Task to complete.
Skip the pictures. Give all the data again exactly.

Dataset excerpt.
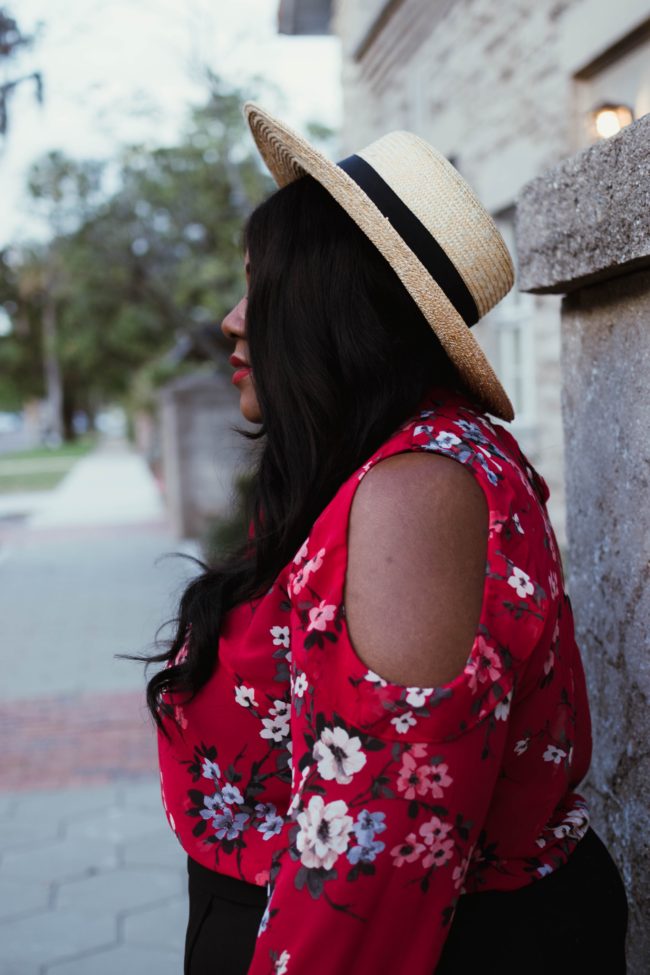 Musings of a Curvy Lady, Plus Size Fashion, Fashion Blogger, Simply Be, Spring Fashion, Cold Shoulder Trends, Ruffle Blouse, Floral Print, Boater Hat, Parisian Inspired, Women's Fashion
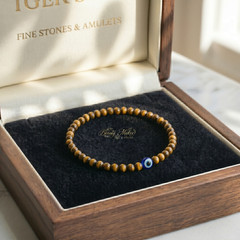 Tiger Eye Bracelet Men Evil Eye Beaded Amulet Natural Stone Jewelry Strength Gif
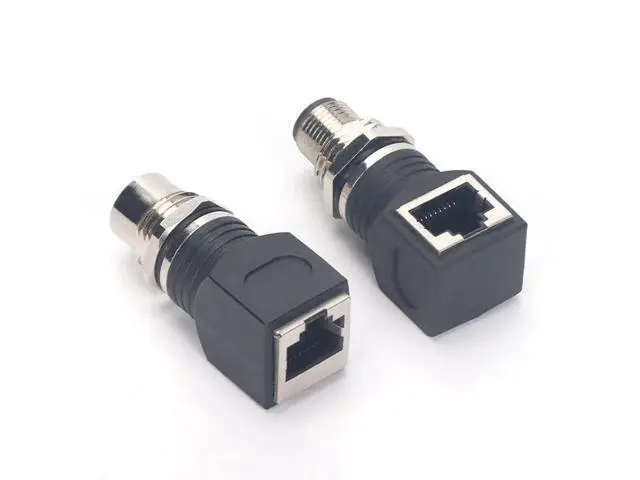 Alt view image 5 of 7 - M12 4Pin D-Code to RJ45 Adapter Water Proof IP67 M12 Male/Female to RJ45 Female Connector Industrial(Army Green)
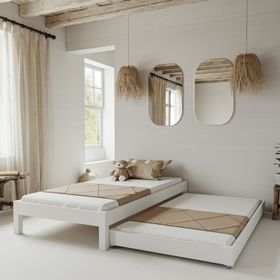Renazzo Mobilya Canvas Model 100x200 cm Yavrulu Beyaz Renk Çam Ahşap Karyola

Answer to this exercise.
 Musings of a Curvy Lady, Plus Size Fashion, Fashion Blogger, Simply Be, Spring Fashion, Cold Shoulder Trends, Ruffle Blouse, Floral Print, Boater Hat, Parisian Inspired, Women's Fashion
 Tiger Eye Bracelet Men Evil Eye Beaded Amulet Natural Stone Jewelry Strength Gif
 Alt view image 5 of 7 - M12 4Pin D-Code to RJ45 Adapter Water Proof IP67 M12 Male/Female to RJ45 Female Connector Industrial(Army Green)
Renazzo Mobilya Canvas Model 100x200 cm Yavrulu Beyaz Renk Çam Ahşap Karyola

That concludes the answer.